| DATA SECTION |
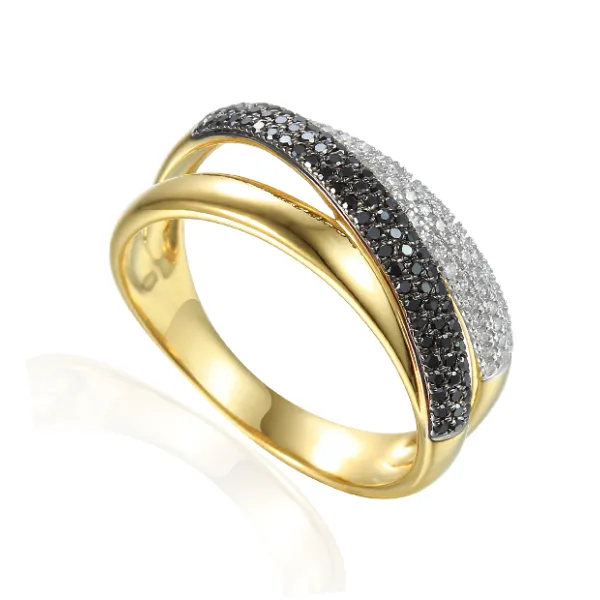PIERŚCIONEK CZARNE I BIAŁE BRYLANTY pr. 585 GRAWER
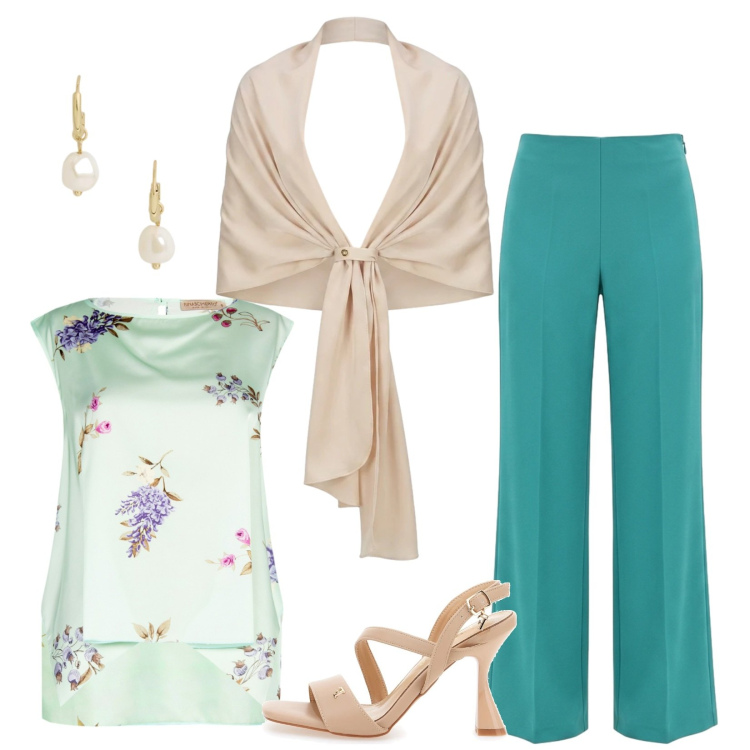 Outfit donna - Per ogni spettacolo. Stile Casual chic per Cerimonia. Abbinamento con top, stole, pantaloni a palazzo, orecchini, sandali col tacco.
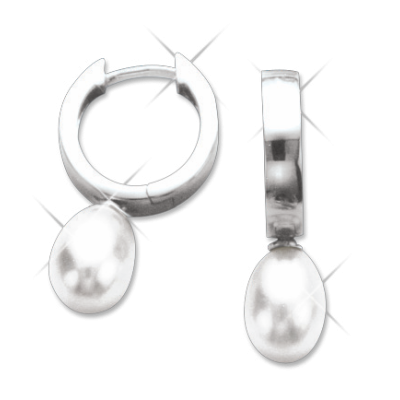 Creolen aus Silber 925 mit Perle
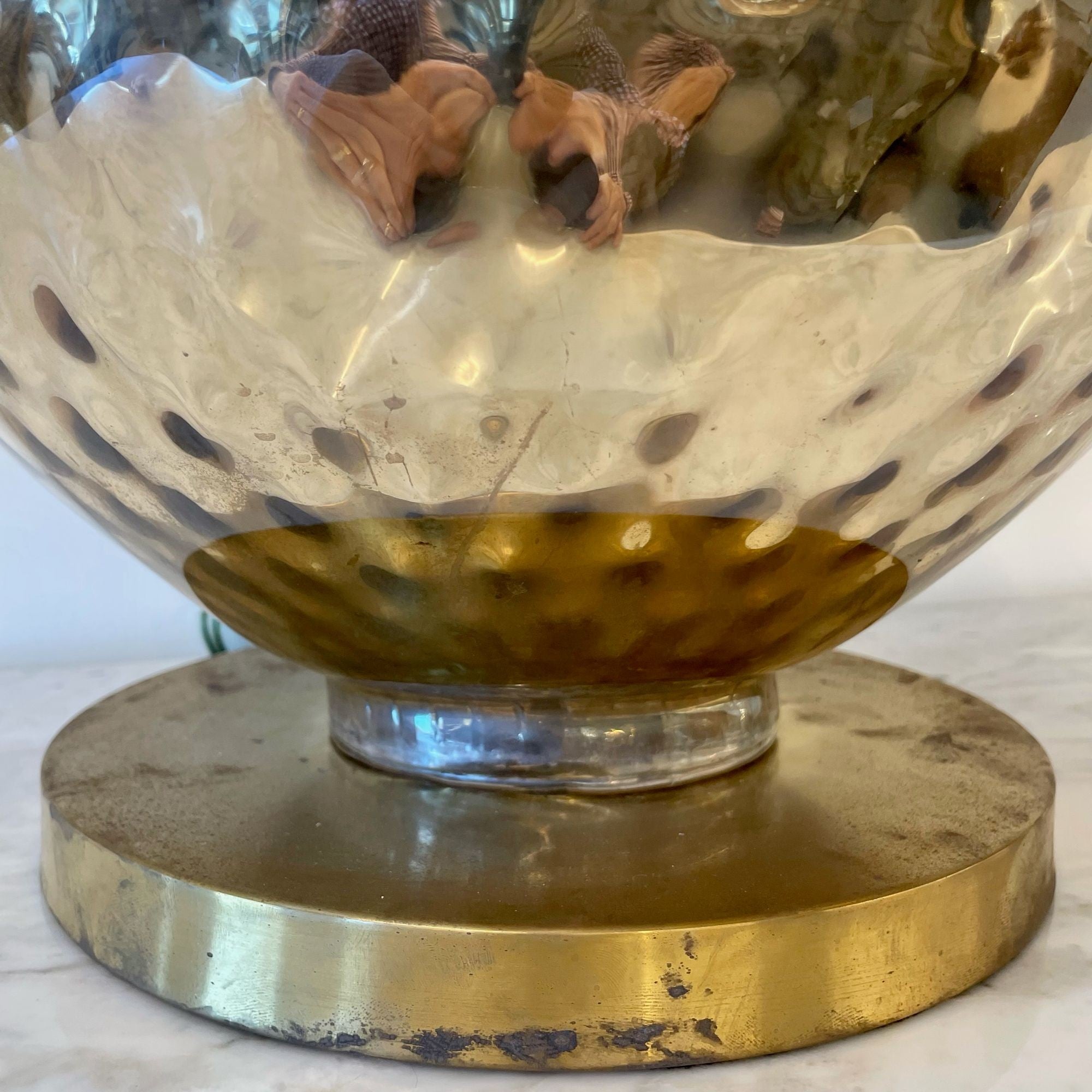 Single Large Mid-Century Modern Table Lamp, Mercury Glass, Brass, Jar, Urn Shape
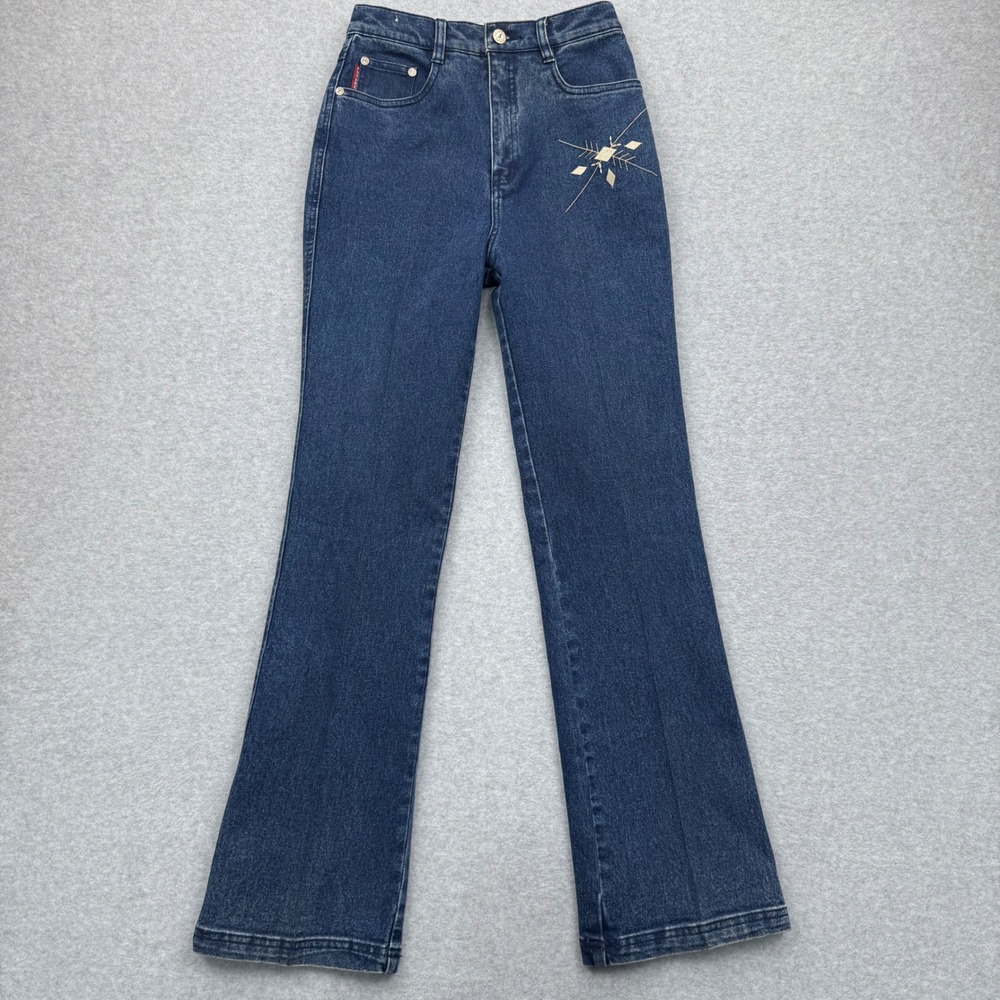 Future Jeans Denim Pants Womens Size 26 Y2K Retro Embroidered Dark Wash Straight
* * *
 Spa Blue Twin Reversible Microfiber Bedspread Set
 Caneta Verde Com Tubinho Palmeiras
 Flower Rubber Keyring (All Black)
==
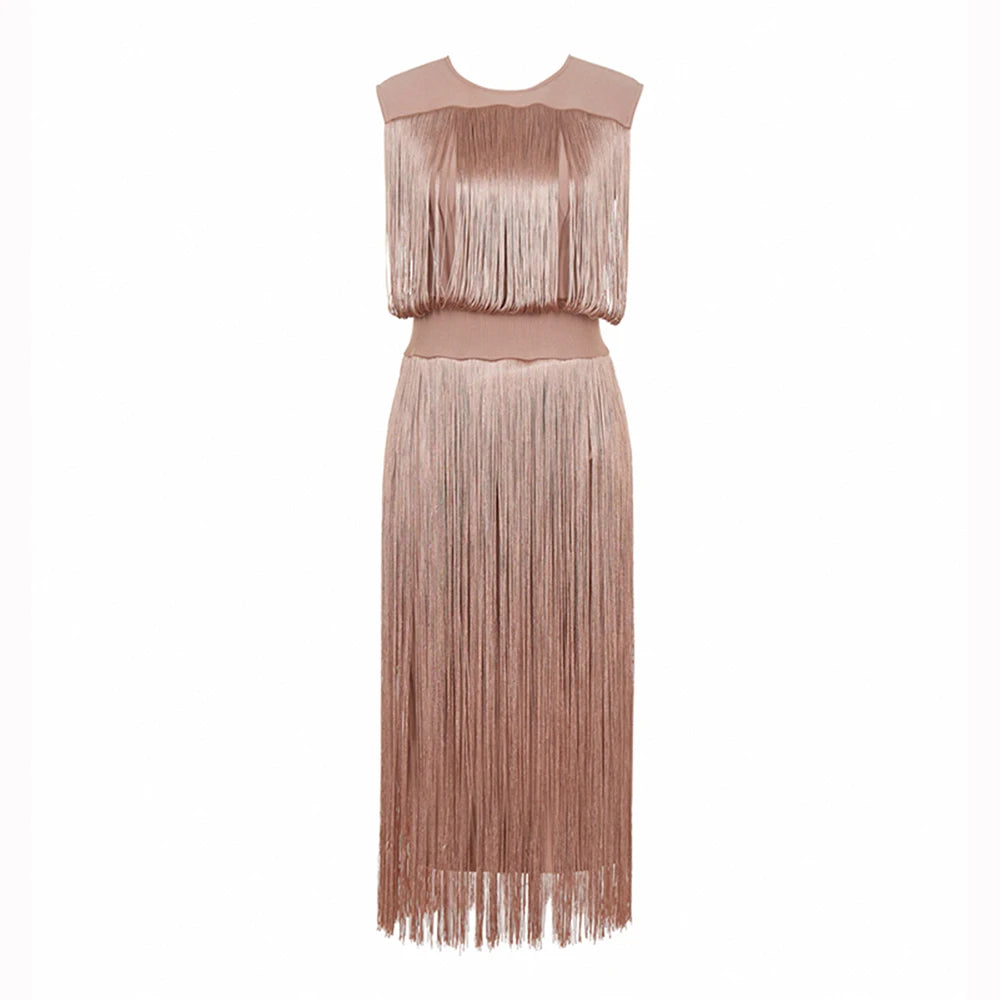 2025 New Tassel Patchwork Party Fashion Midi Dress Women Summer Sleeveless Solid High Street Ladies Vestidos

| TASK DIRECTIONS |
Looking at the records above, return exactly the lines from the line with "Spa Blue Twin" to the line with "Flower Rubber Keyring (All Black)", both ends included.

| ANSWER SECTION |
 Spa Blue Twin Reversible Microfiber Bedspread Set
 Caneta Verde Com Tubinho Palmeiras
 Flower Rubber Keyring (All Black)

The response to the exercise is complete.